Consulting Economists

These figures demonstrate dramatically that both in 1950 and 1951 Sylvania's effective tax burden was substantially greater than that of other television manufacturing companies. Indeed, in 1951 the disparity increased, raising Sylvania's effective tax burden to a level some 10 percent higher than the group average and almost a third again higher than that of Radio Corporation of America, the company with the biggest stake in our industry.

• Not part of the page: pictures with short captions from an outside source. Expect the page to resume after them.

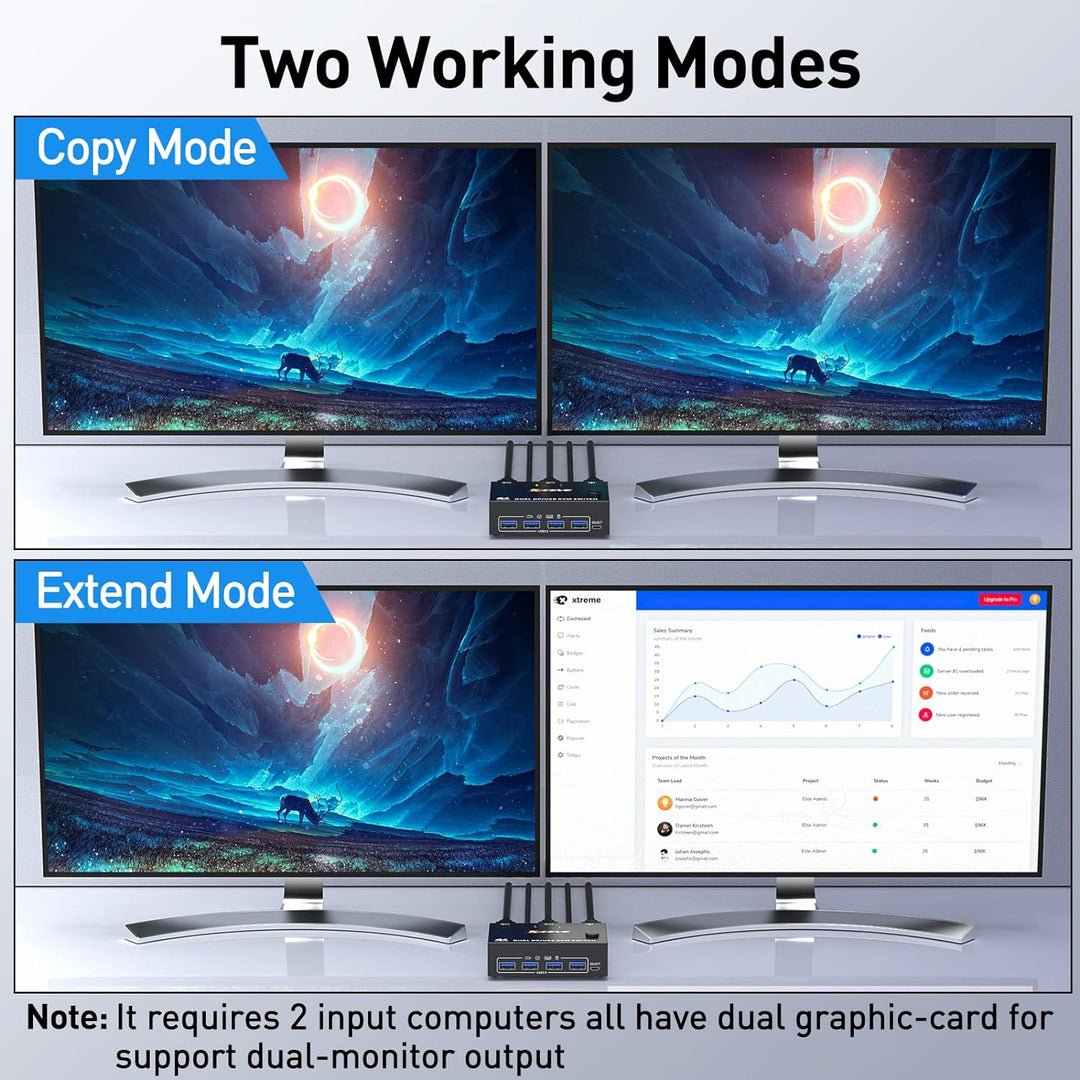 DP KVM Switch Zwei Monitore, 2 Computer 2 Monitore Displayport USB 3.0 KVM Umschalter, Unterstützt 4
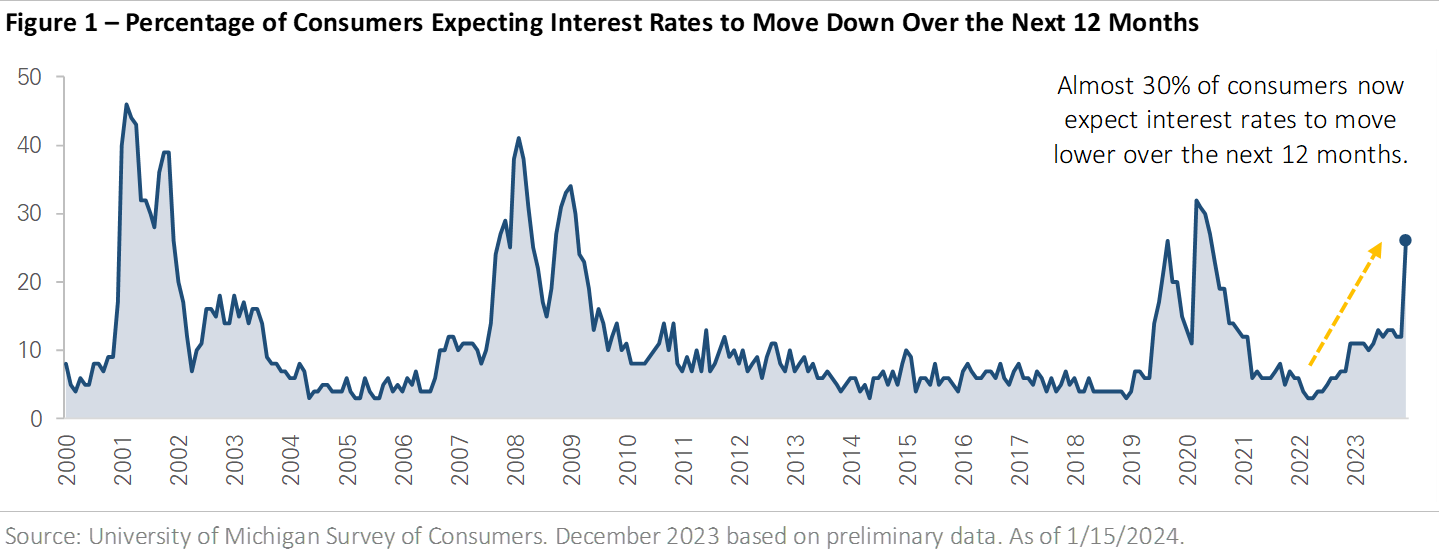 Chart showing percentage of consumers expecting interest rates to move down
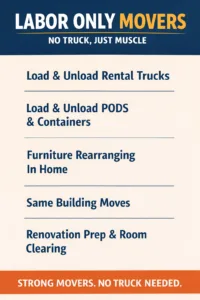 Labor Only Movers, Movers to Load A Truck, Movers to Load A Pod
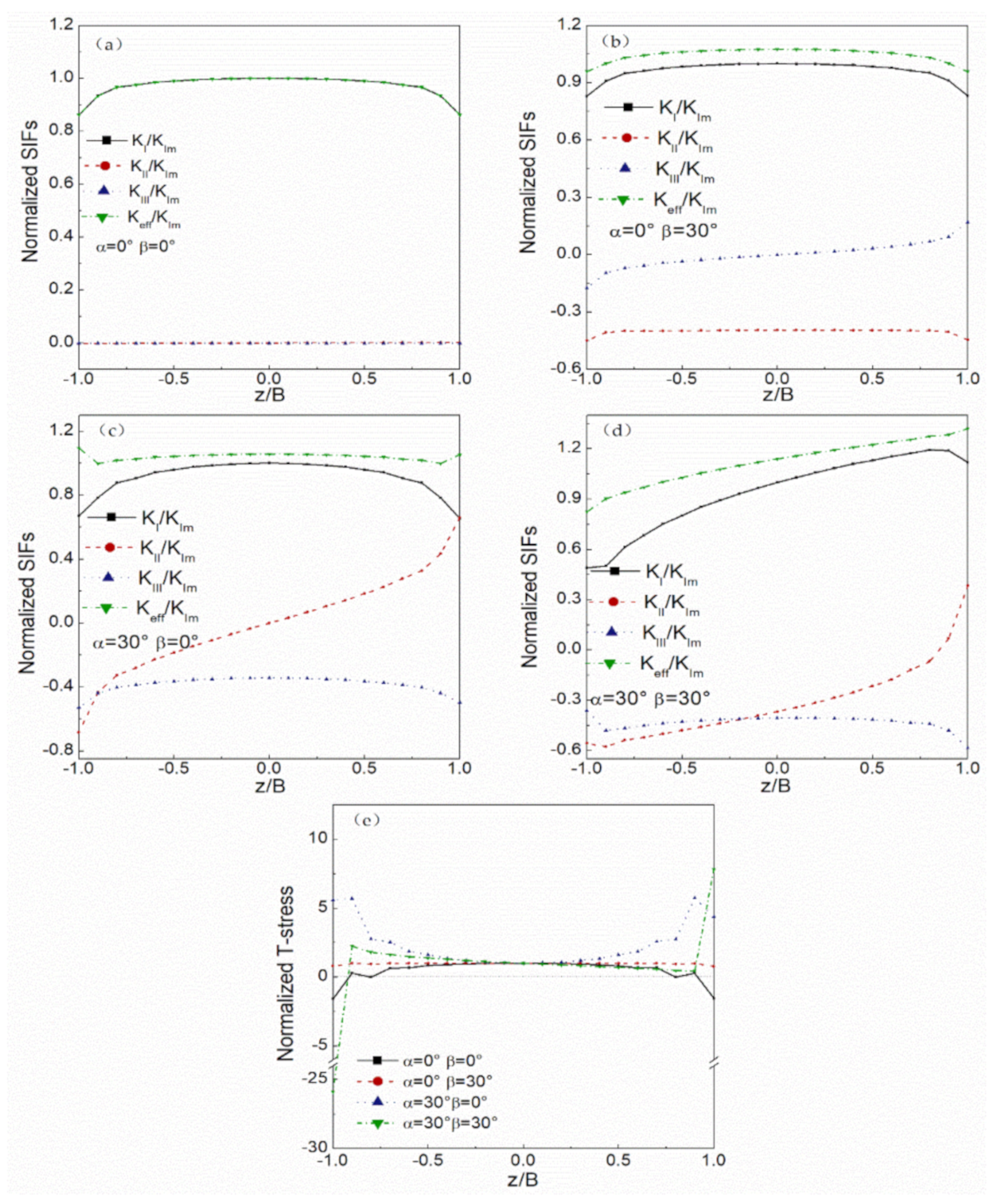 Applsci 11 01652 g003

In chart 2 Sylvania's effective tax burden in 1950 and 1951 is compared with that of the average tax burden of companies in (a) the electrical machinery group of industries of which Sylvania is also a part, (b) durable goods manufacturing industries, and (c) nondurable goods manufacturing industries. In both years income and profits taxes took a greater proportion of Sylvania's income than they did of corporate income in any of these industry groups. Sylvania paid out, on account of these taxes, over 5 percentage points more of its profits in 1950 than the average of the entire group of companies classified as electrical machinery manufacturers and nearly 4 percentage points more in 1951. Instead of obtaining the allowances accorded other growth companies, Sylvania has seen its profits unfairly taxed away. Consequently it has been deprived in substantial part, of the resources necessary to its continued growth, while its competitors have been enabled to finance continued expansion out of tax savings realized under the growth formula.